## WORK INSTRUCTION
Only the lines below between the one holding "MAKITA マキタ インパクトドライバ 本体のみ TD001G" and the one holding "HabiStat digital thermostat", inclusive, are to be reproduced word for word; the pictures are to be left out.

## ENTRIES PROVIDED

[Start of Attachment]

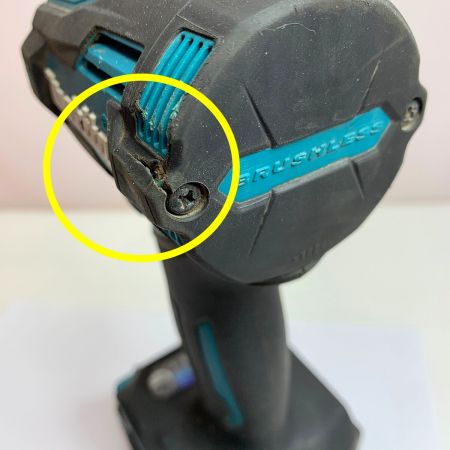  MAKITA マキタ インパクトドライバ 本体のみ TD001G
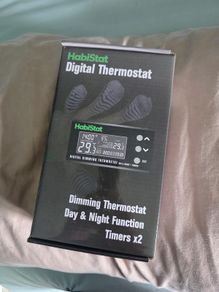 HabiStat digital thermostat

[End of Attachment]
[Start of Attachment]

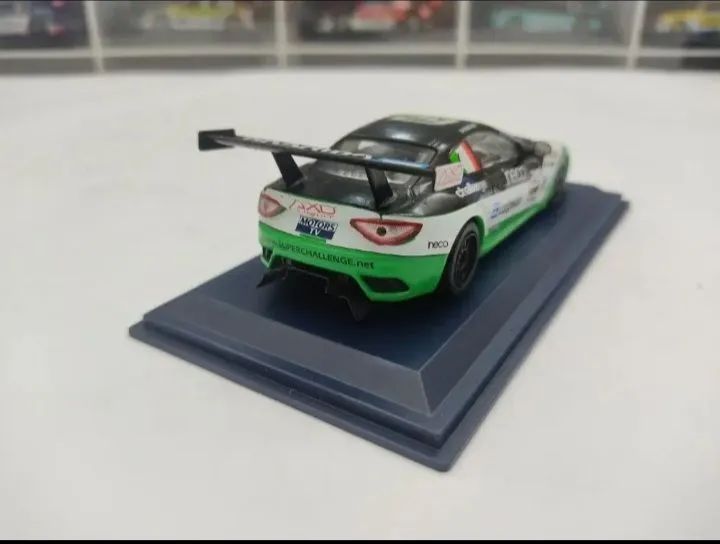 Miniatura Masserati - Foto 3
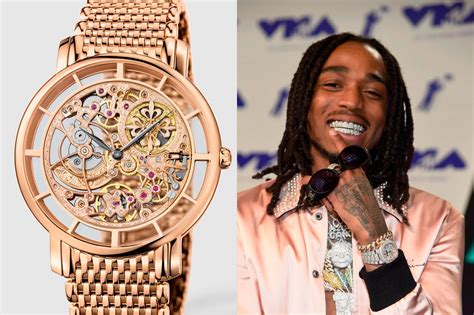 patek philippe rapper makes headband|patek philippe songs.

[End of Attachment]
[Start of Attachment]

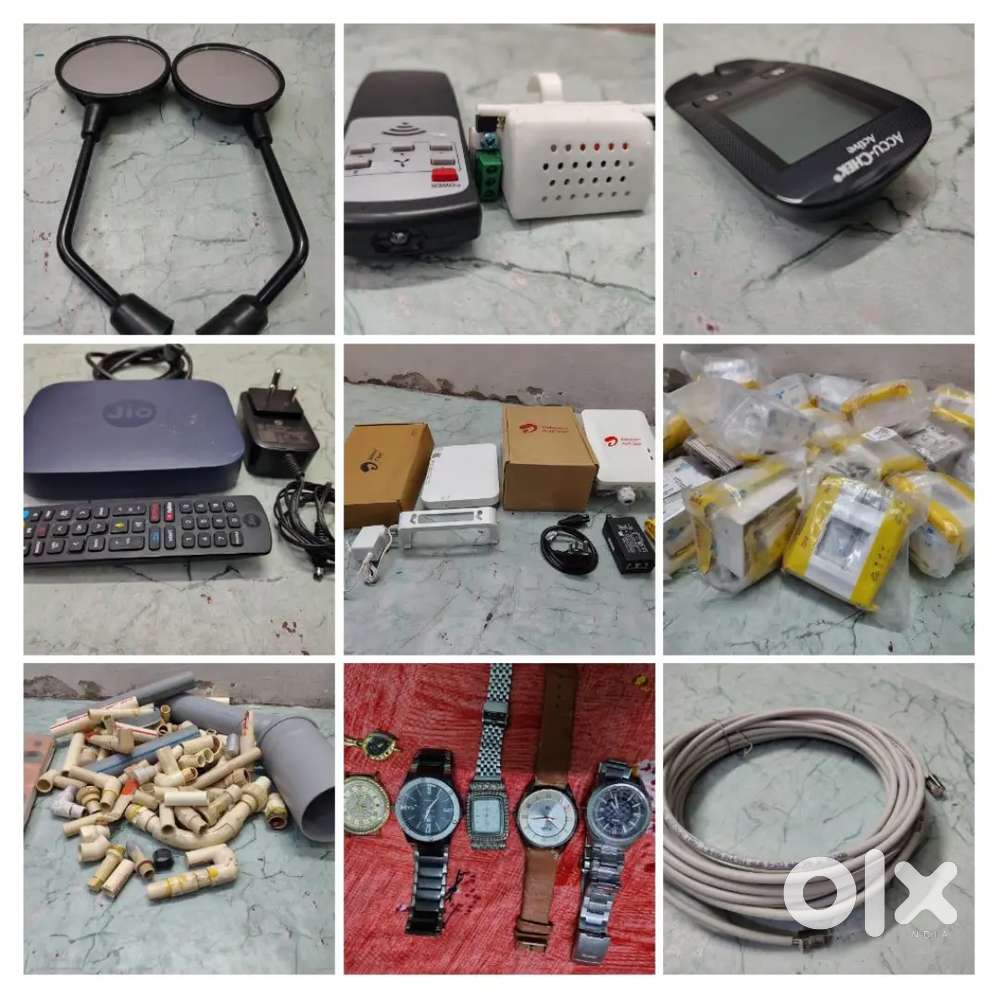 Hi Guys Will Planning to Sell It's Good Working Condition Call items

[End of Attachment]

## RESPONSE BOX
  MAKITA マキタ インパクトドライバ 本体のみ TD001G
 HabiStat digital thermostat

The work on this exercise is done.